Molti dei carotaggi dei laghi che i ricercatori di Copenaghen stanno utilizzando riguardano epoche più recenti, solo da 3.000 a 10.000 anni fa. Ma i ricercatori possono anche usarli per cercare idee, ad esempio tracciando i cambiamenti genetici che gli esseri umani hanno imposto all’orzo quando lo hanno allevato per diventare una delle “colture capostipite” dell’umanità. Tra le prime modifiche scelte dall’uomo ci sono state quelle che hanno portato ai semi “nudi”, poiché i semi con una buccia appiccicosa, pur essendo buoni per fare la birra, tendono a essere meno commestibili. Skadhauge afferma che il team potrebbe essere in grado di ricostruire la domesticazione dell’orzo, passo dopo passo.
Non ci sono molti precedenti di informazioni genetiche che viaggiano nel tempo. Per evitare qualsiasi incidente del tipo Jurassic Park, Willerslev dice che sta costruendo un team di etica sostanziale “per affrontare le domande su cosa significhi introdurre tratti antichi nel mondo”. Il team dovrà pensare alla possibilità che queste piante possano competere con le varietà odierne, o che i benefici siano distribuiti in modo non uniforme, aiutando ad esempio i Paesi del nord e non quelli più vicini all’equatore.

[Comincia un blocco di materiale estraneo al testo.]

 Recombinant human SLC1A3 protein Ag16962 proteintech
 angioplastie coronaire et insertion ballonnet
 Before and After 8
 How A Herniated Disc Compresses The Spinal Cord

Willerslev afferma che l’evoluzione del suo laboratorio dalle ossa umane verso un DNA molto più antico è intenzionale. Egli lascia intendere che l’équipe ha già battuto il proprio record di geni più antichi, risalendo a più di 2,4 milioni di anni fa. Ed essendo il primo a guardare più indietro nel tempo, è certo che farà grandi scoperte e altri titoli di giornale. È un oceano blu”, dice, “che nessuno ha mai visto”.
Una nuova avventura, dice, è praticamente garantita.